FSA increases annual funding requirement by £45m
The Financial Services Authority is increasing its proposed Annual Funding Requirement for 2011/12 to £500.5m, up from £454.7m in 2010/11, a gross increase of 10.1%

The regulator says the increase will be borne by larger firms, reflecting the resources applied to intensive supervision of high impact firms.
However, the enforcement fines the FSA imposes during the previous year are returned to the industry by way of discounts to their fees in the following year.
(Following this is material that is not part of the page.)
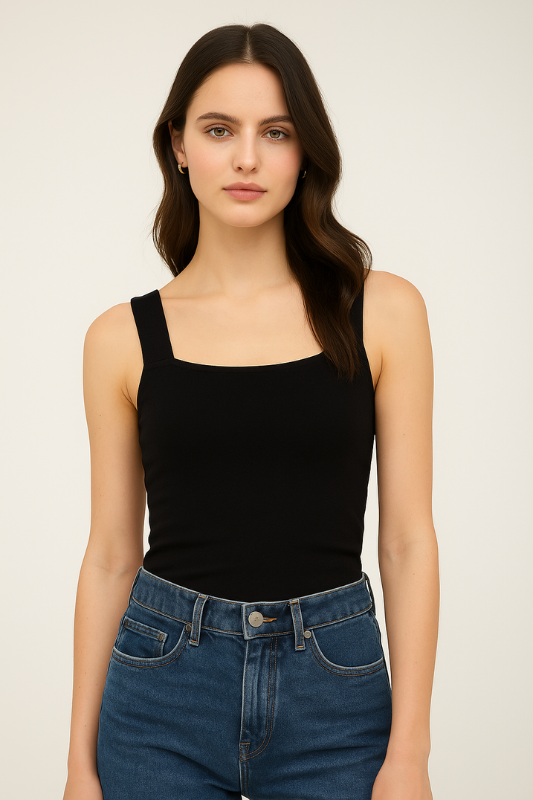 The Workshop Studio:  Sculpt Knit Tank Top by Luxe Basics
This means that in total firms will pay 2% less than last year.
Most firms authorised by the FSA pay a minimum fee, with further variable fees to be paid depending on the type of business a firm conducts.
The gross minimum fee for firms will remain unchanged from last year but, taking into account the enforcement fines discount, the net minimum fee will be 9.4% less than last year: 43% of the FSA’s authorised firms will only pay the minimum fee.
The FSA is increasing its AFR for home finance providers and administrators by £3.4m, 36% increase, which it says mainly reflects enforcement work on the treatment of customers with mortgages in arrears.
The FSA says the increased AFR will be used to fund much of the work that was started last year as the FSA continues to implement key areas of the substantial international regulatory reform agenda whilst maintaining increased supervision of firms and delivering on its statutory objectives.
The key areas that the AFR will be used for in the coming year are:
- Delivering effective, on-the-ground supervision of firms;
- Completing the organisational and technological change that underpins the move to an intensive supervisory regime;
- Continuing to deliver a tough and determined enforcement approach that achieves results;
- Taking forward the domestic and international policy agenda, particularly in respect of the banking agenda set by the Basel Committee;
- Ensuring that the wider policy agenda primarily mandated by the European Union is delivered, and;
- Preparing the FSA move to the new structure of the Prudential Regulatory Authority and Consumer Protection and Markets Authority.
Hector Sants, chief executive of the FSA, says: “The completion of the FSA’s changes to move to a more intensive approach to financial services regulation has inevitably led to some increase in the Authority’s cost base.
’However, we are very mindful of minimising the additional cost to firms and are pleased that net of enforcement fines, the actual amount we will be billing firms will be falling by 2%.
“Longer term, the implementation of new UK and EU policies, along with the cost of managing the transition to two new authorities will continue to put upward pressure on our cost base. However, in general, we would expect these increases to be borne by larger and more complex groups and would hope to minimise the impact on smaller firms,”
The total cost of implementing regulatory reform is yet to be calculated.
The HM Treasury consultation document issued in July 2010 made an initial estimate of £50m and work is under way to quantify this more precisely. In 2011/12, the FSA believes the direct costs will be £10.9m.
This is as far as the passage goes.